### What to produce
Print the data that follows word for word, leaving out any picture.

### The data
☆ ☆ ☆

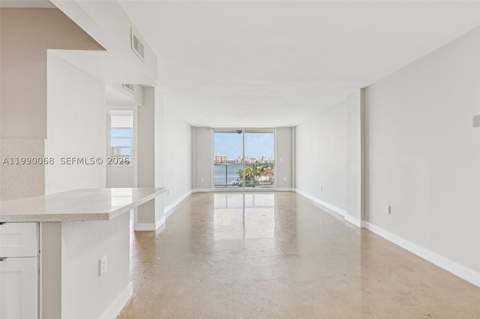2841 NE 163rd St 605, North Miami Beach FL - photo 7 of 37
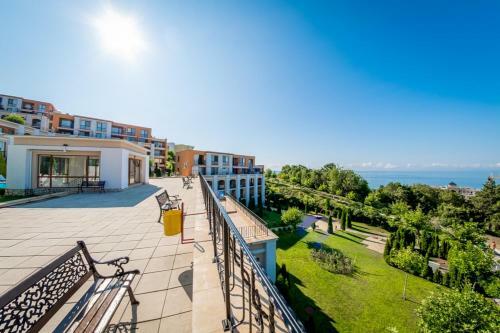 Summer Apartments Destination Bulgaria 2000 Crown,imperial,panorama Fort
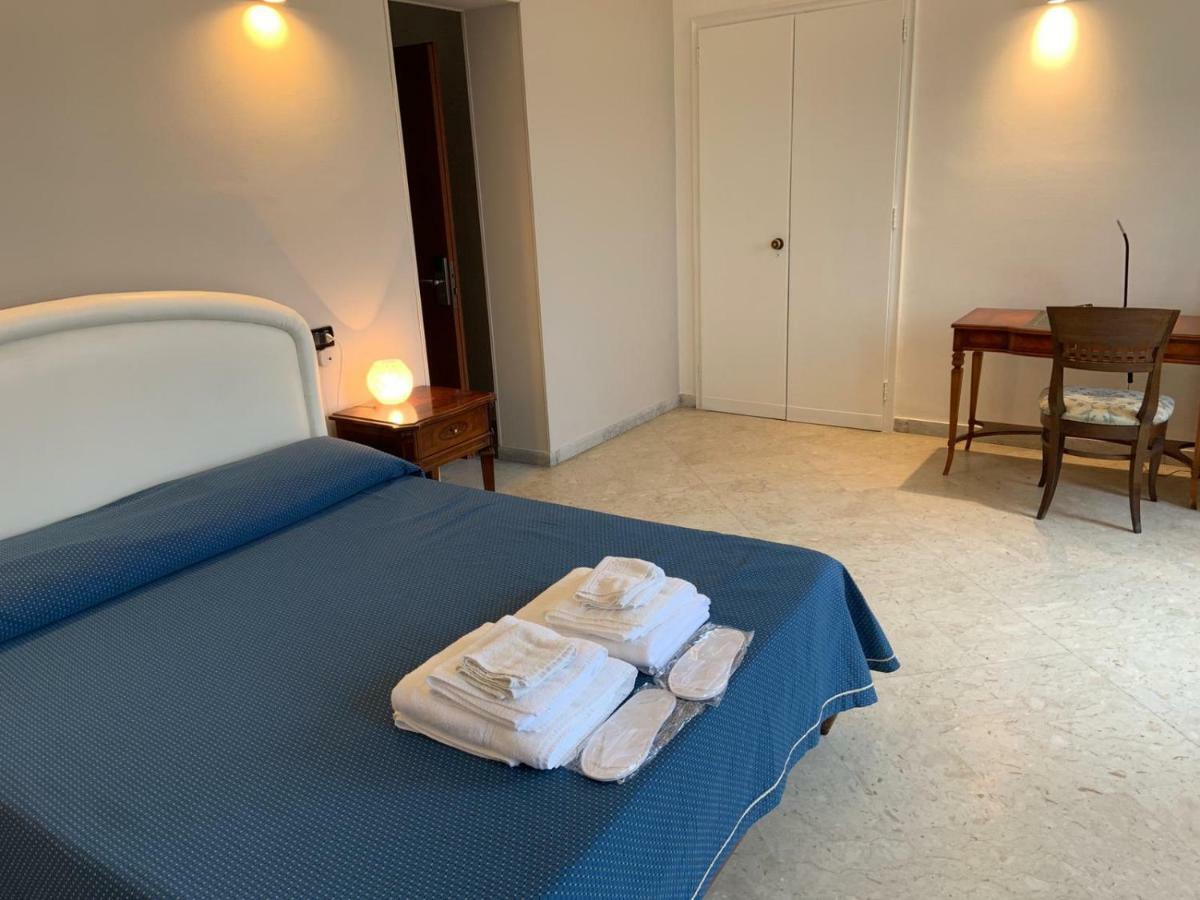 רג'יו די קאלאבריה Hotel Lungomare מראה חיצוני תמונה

☆ ☆ ☆

### Exercise solution
2841 NE 163rd St 605, North Miami Beach FL - photo 7 of 37
 Summer Apartments Destination Bulgaria 2000 Crown,imperial,panorama Fort
 רג'יו די קאלאבריה Hotel Lungomare מראה חיצוני תמונה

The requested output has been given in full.